Я попросил своего секретаря написать ему, что, «во-первых, никто не располагает монополией на Зорбу или на Будду. И, во-вторых, мы не касаемся Гаутамы Будды: «будда» — это не имя собственное, а качество. Оно подразумевает пробужденную личность. Любого, кто пробудился, можно назвать буддой. Гаутама Будда — лишь один из миллиона будд, которые существовали и будут существовать. И вы не можете помешать Зорбе стать Буддой.
Фактически вы должны помогать мне превращать зорб в будд, поскольку в этом и заключается единственная подлинная революция: в том, что материалист зорба, не подозревающий о высшем сознании, превращается в будду.»
Он мне так и не ответил.
В зорбе есть своя прелесть.

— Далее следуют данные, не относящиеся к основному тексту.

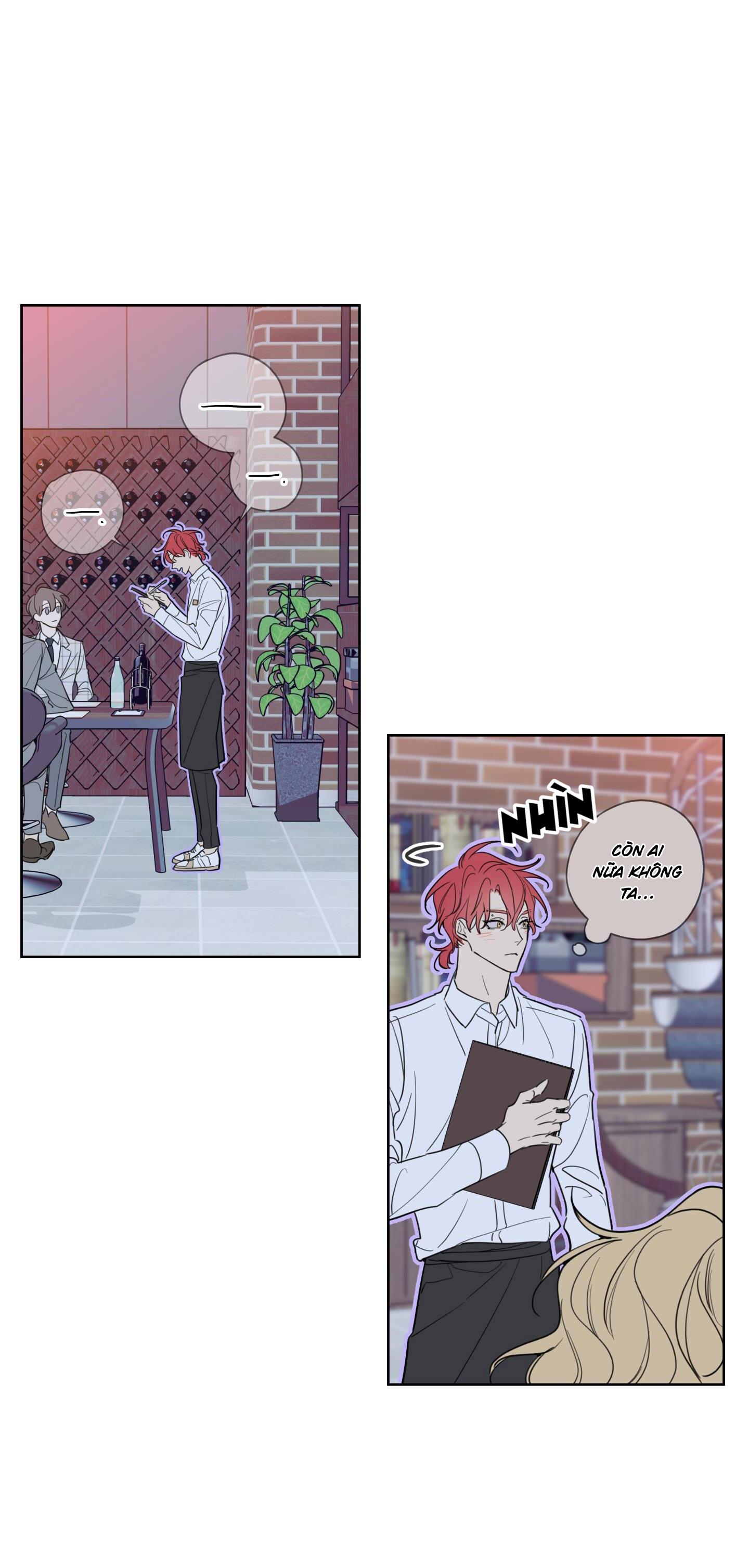 honey trouble - rắc rối ngọt ngào chapter 1 6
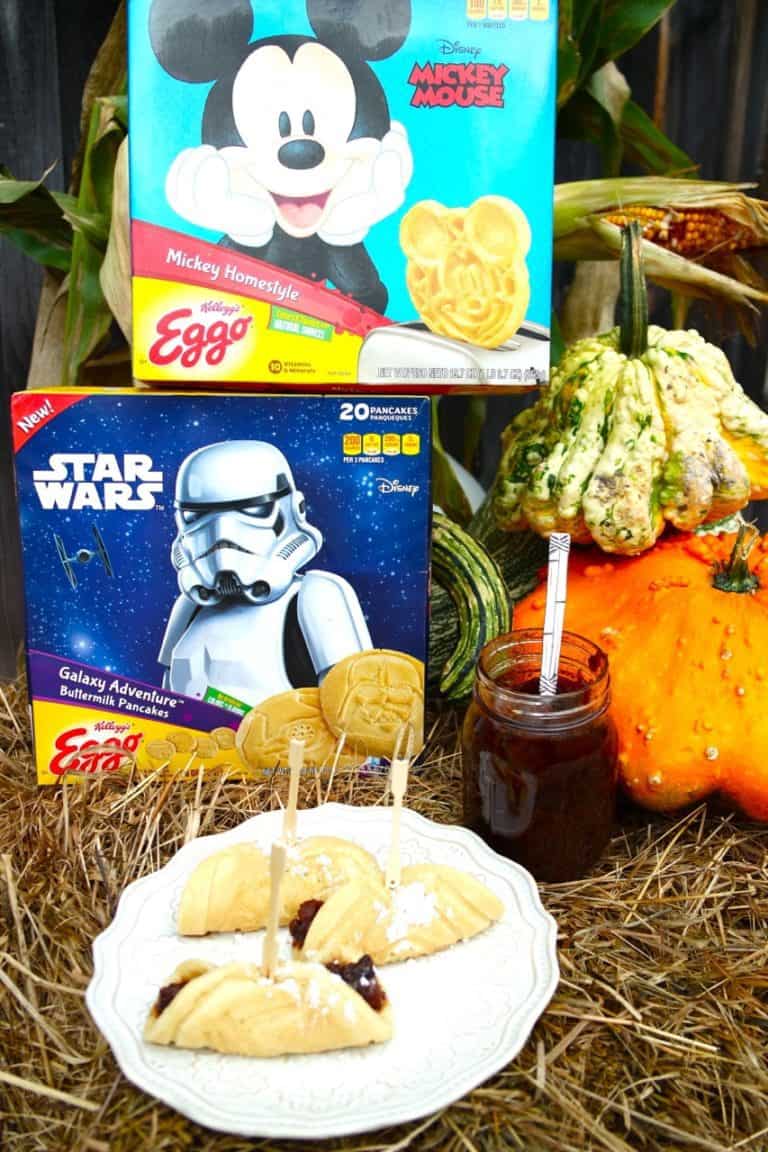 Fall Fun With Kellogg’s® Eggo® and Apple Butter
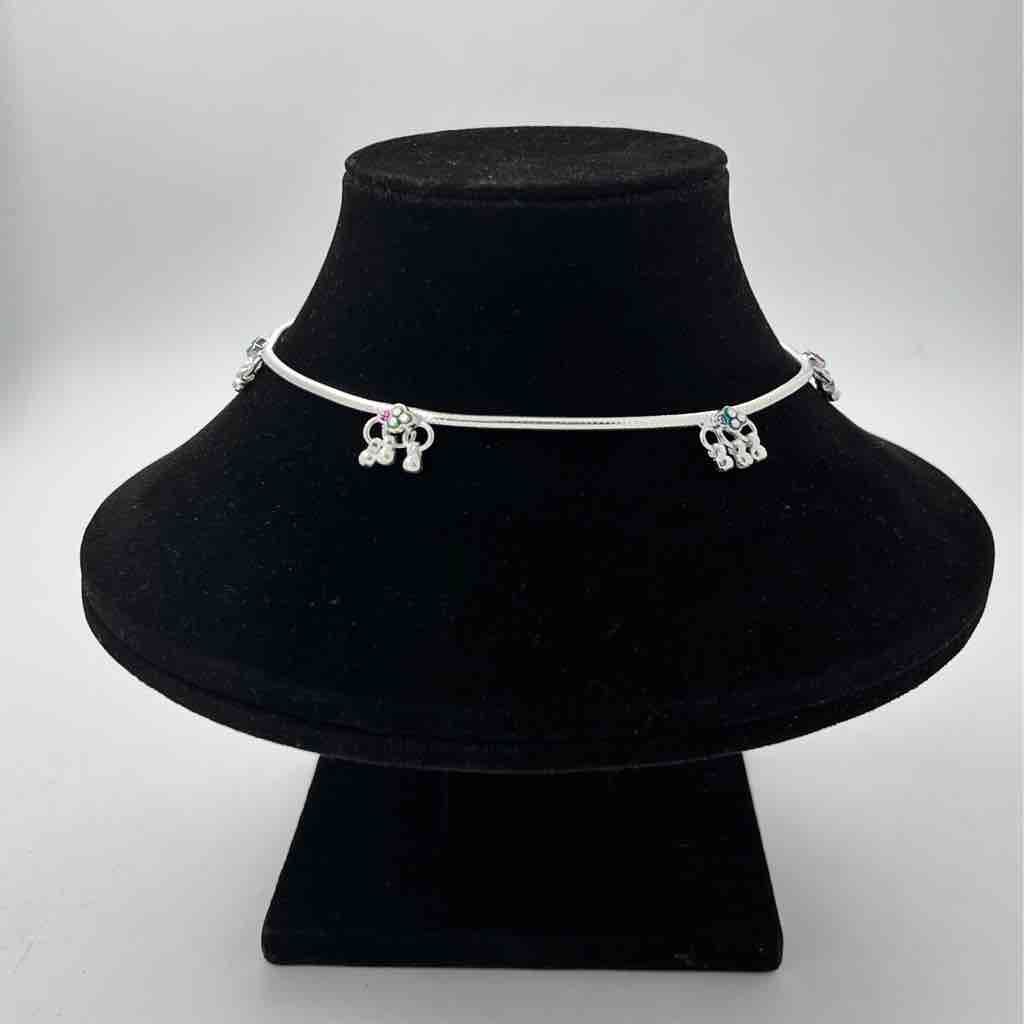 Silver Fancy Daily Wear Payal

А остров в Греции, где я остановился, был тем самым местом, где Казанцакис, писатель, создавший роман «Грек Зорба»... Зорба — вымышленное имя, это не исторический персонаж. Но остров, где я остановился, был островом, на котором родился Казанцакис. И Казанцакис, один из лучших романистов нашего века, ужасно пострадал от руки церкви. В конце концов, после написания романа «Грек Зорба», он был отлучен от церкви. По написании романа ему объявили: «Либо вы отказываетесь от своей книги, либо вас отлучают от церкви.» Не отказавшись от книги, он был отлучен от Христианства и проклят.
Зорба передает индивидуальность Казанцакиса, на которую обрушилась церковь,, индивидуальность, которую он хотел и не мог в себе реализовать. И всю эту нереализованную в своей жизни часть себя он вложил в Зорбу.

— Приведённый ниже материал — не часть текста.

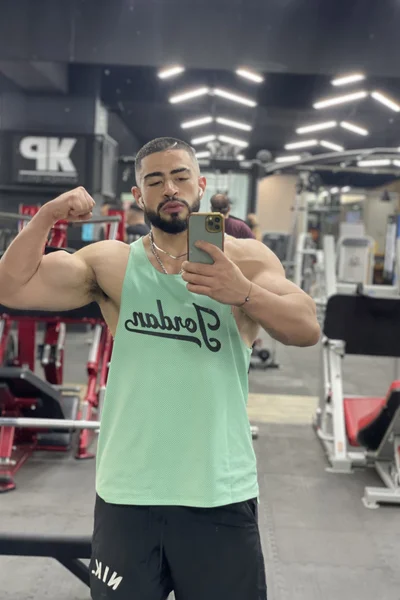 Jácome (33 years) — Ciudad de México, México - 50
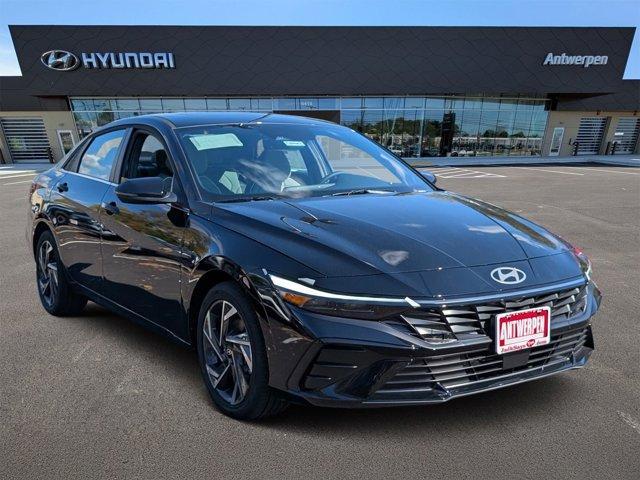 new 2025 Hyundai ELANTRA HEV car, priced at $26,595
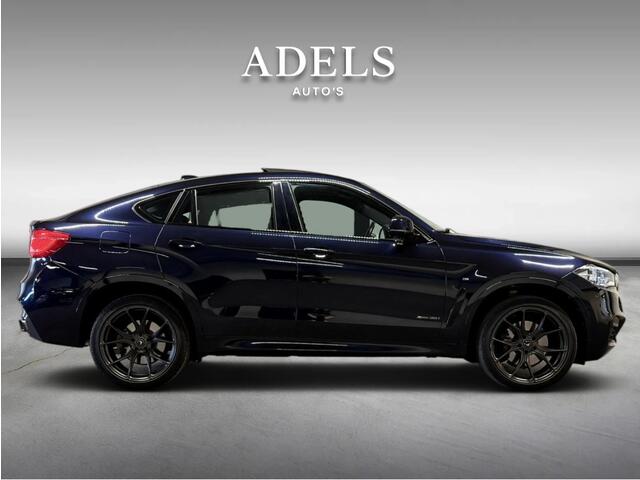 BMW X6 xDrive35i High Executive M Sport Panodak Hud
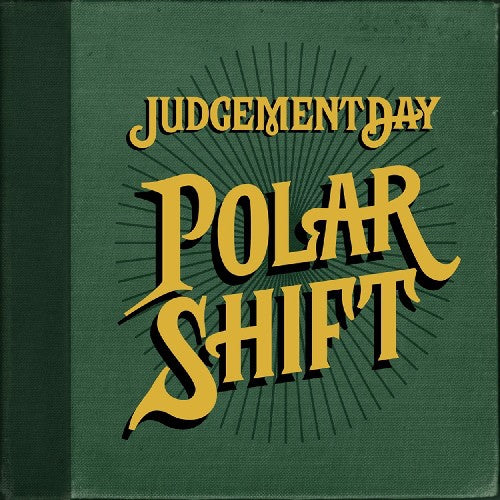 the album cover for Judgement Day - Polar Shift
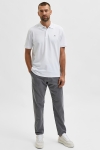 Selected SLHAZE SS POLO W NOOS Bright White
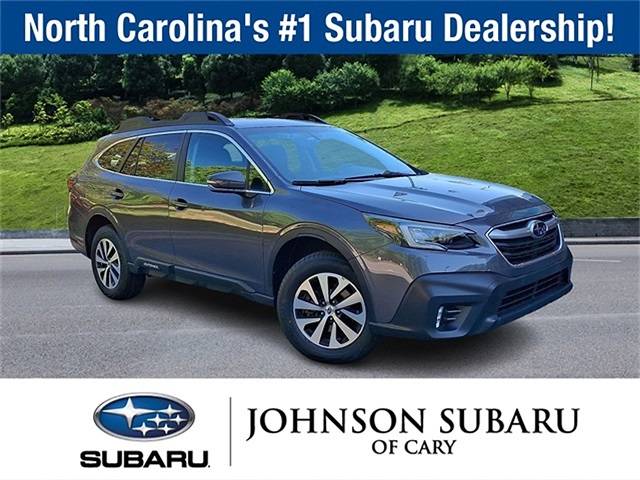 2022 Subaru Outback 2.5i Premium — SUV — 66,517 mi — Cary, NC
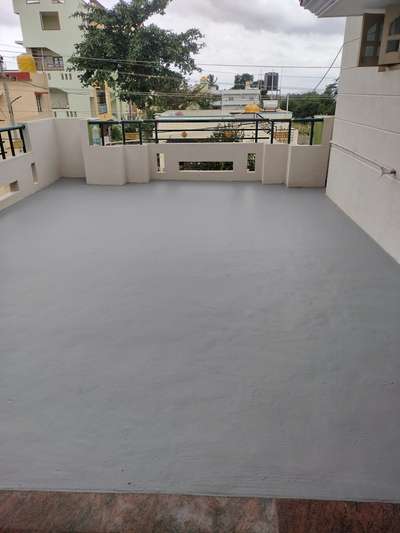 Terrace Waterproofings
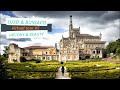Portugal luso  bussaco  virtual tour 5 4k available  go walks portugal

Зорба — это красивый мужчина, не испытывающий страха перед преисподней и не стремящийся царство небесное, живущий от момента к моменту и умеющий находить наслаждение в мелочах... еде, питье, женщинах. После своего полного рабочего дня он мог взять свой музыкальный инструмент и часами танцевать на берегу.
И другая часть Казанцакиса, которую он прожил в «Греке Зорбе»... Зорба — это слуга. Другая часть — это хозяин, нанявший Зорбу в качестве слуги. Он вечно сидит печальный в своем офисе, копаясь в папках, никогда не смеется, никогда не испытывает наслаждений, никогда не выходит наружу и постоянно в глубине души завидует Зорбе, который, так мало зарабатывая, живет, как император, не заботясь о завтрашнем дне, о том, что с ним может произойти. Он хорошо ест и пьет, хорошо поет и хорошо танцует. А его хозяин, такой богатый, сидит себе, грустный, натянутый и страдающий, в несчастьях и муках.
В один прекрасный день Зорба сказал своему хозяину (который и есть сам Казанцакис): «Хозяин, твоя единственная беда заключается в том, что ты слишком много думаешь. Пойдем со мной.» Дело было ночью в полнолуние.
Казанцакис пытался возразить: «Нет, нет. Что ты делаешь?»
Но Зорба притащил его на берег и принялся танцевать, играя на своем инструменте. И он сказал Казанцакису:
«Попробуй прыгать! Если ты не можешь танцевать, делай что угодно.» И Казанцакис тоже пустился в пляс с энергией и грацией Зорбы. Впервые в жизни он почувствовал себя живым. Зорба — это нереализованная часть каждого так называемого религиозного человека.
Так почему же церковь так восстала против Зорбы, когда тот был опубликован? Это был всего лишь роман, и церкви не о чем было беспокоиться. Но эта книга так наглядно показывала нереализованную сторону каждого христианина, что это делало ее опасной.
Но Зорба невероятно привлекателен. Казанцакис посылает его купить кое-что в городе, а он про все забывает. Напивается, отправляется к проституткам и предается наслаждениям, лишь однажды вспомнив, что, казалось бы, прошло уже много дней, а деньги все еще при нем. Как же он может вернуться, пока они не кончились? Хозяин очень рассердится, но ничего не сможет сделать — это его проблема.
А через три недели он возвращается (отправлялся он всего на три дня) и не приносит ничего из того, за чем он был послан. Зато приносит с собой множество историй: «Какое же это было замечательное похождение! Тебе надо было отправиться со мной. Я провел время с такими миленькими ангелочками и пил такое замечательное вино...»
Хозяин спрашивает: «А как насчет покупок? Я тут три недели просто кипел от нетерпения.»